■ **Task requirements**
Beginning at the line containing "上新川 to Rumoi map", repeat each line below exactly up to and including the line containing "OFFWHITE（オフホワイ". Do not repeat the pictures.

■ **Data extract**
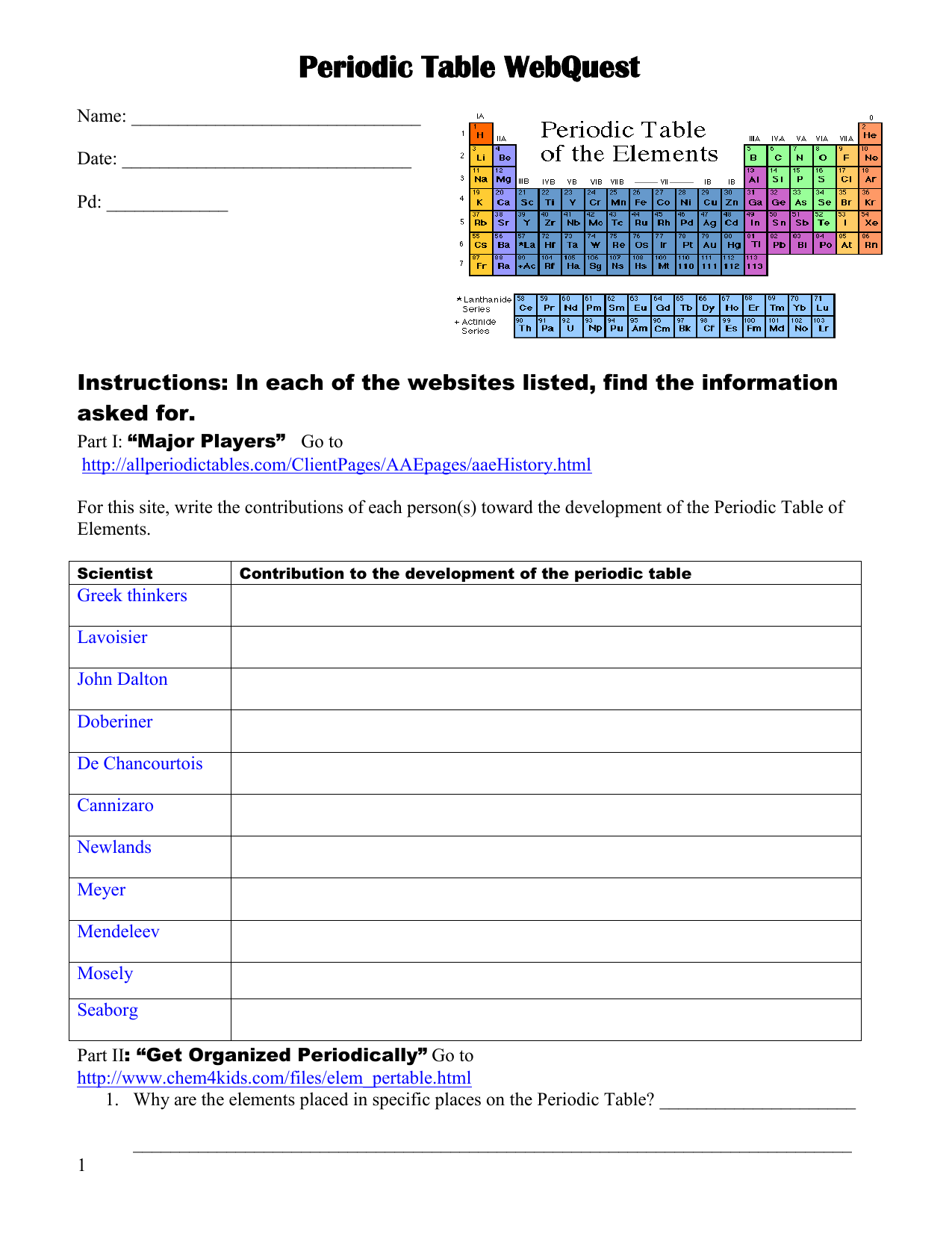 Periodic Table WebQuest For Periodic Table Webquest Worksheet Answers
* * *
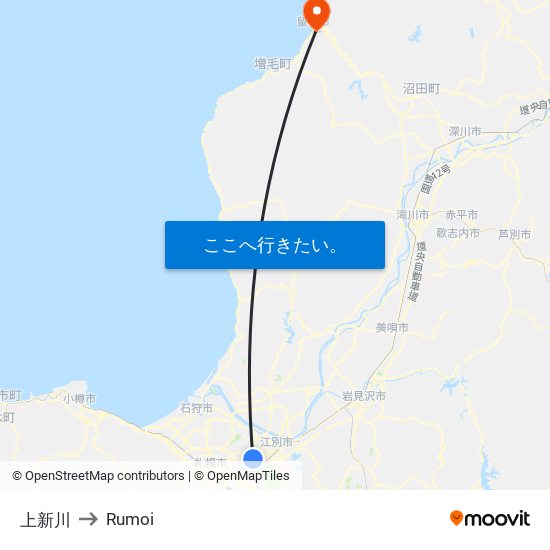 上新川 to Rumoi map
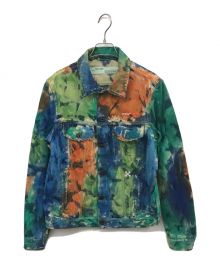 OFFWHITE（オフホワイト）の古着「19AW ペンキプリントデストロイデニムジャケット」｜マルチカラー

■ **Answer for this exercise**
 上新川 to Rumoi map
 OFFWHITE（オフホワイト）の古着「19AW ペンキプリントデストロイデニムジャケット」｜マルチカラー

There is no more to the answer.